What's today, Friday? I can't keep track these days. In fact, I was in Costco with my sister, her one million kids, and my mom the other day and as we were walking away from the sample table, the sample lady (not sure what her respectable title is so we will keep that) who had kept us there all too long chatting about which flavored butter would taste better on grilled cheese sandwiches (which by the way they ALL would...it's BUTTER) said, "Happy Friday" to us as we walked away. I was taken back a bit because I can't remember the last time I enjoyed a weekend.

The fact of the matter is, every day for the last 3 months have taken on weekend-like qualities, i.e. late nights, late mornings, Netflix in bed, snacks in bed (don't judge we've all done it), manicures with besties, movies at 2 am, etc. I don't keep track of the days because I don't have to. there is no separation between working and resting, IT'S ALL RESTING, AND ITS GLORIOUS. Summer break rolled right into fall break, which transitioned to winter break and here I am, still "breaking". The absolute best part of these glorious three months is that I have not been in school. Yes you heard me, I'm too cool for school. This last summer I graduated from Northwest University with my Masters in Elementary Education and the year before, my degree in Intercultural Studies.

So yes you've guessed it, life's been a joy ride recently because of the regained freedom I now have, which had so quickly vanished from my fingers the moment I enrolled in, well elementary school. But that's beside the point. The point is that Ive had a lot of extra time to do some thinking. It has been both exhausting and eye-opening. Ive had the time to think about things that Ive never thought deeply about before, like adulthood...what is that anyway? And why did I think I was prepared for it? This blog may reveal some not so lovely feelings about the last three months that I have had the privilege of dealing with (yes I said privilege, we will address this later). Some of these feelings I know are unique to my life and my situation, but others, I guarantee about 92% of college grads have experienced and have lied to you and told you that they have not felt them, that everything is just peachy keen. It is not fine, they are lying to you.

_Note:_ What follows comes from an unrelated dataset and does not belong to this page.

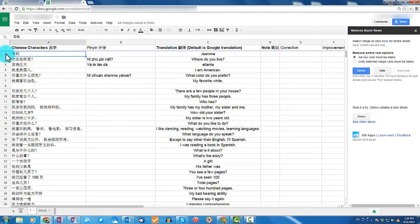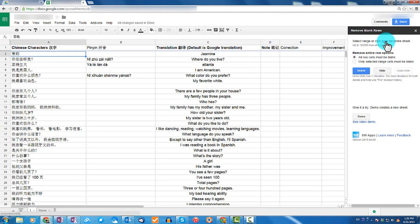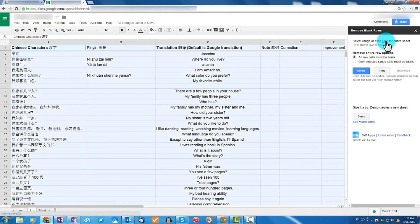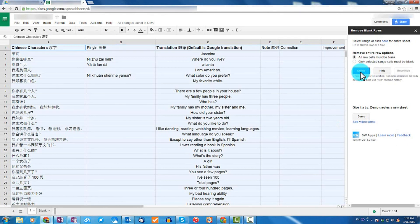Now what you want to do is make your selection. You can either create a selection, or you can just click on the link that says 'click here for entire sheet.' Go ahead and click on that. Then I'm going to delete those rows — I don't need them anymore — so I'll go ahead and click on Delete.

However this blog is more than just an outlet for my negative pouty feelings, an electronic diary if you will. I'm learning fascinating things about myself and discovering heaps about Christ and His never-ending goodness. The truth is I'm an out-loud thinker. Ask anybody who has known me for more than three minutes, they will tell you that I don't need another human in the room to engage in conversation. I can break the ice, engage in a topic, analyze, problem solve, and come up with some conclusion without a single word being uttered from the second party. So in a way this blog will allow me to organize some of that confusing over-thinking I do and keep it out of our dinner parties. You're welcome friends. I hope you will be encouraged as I have been.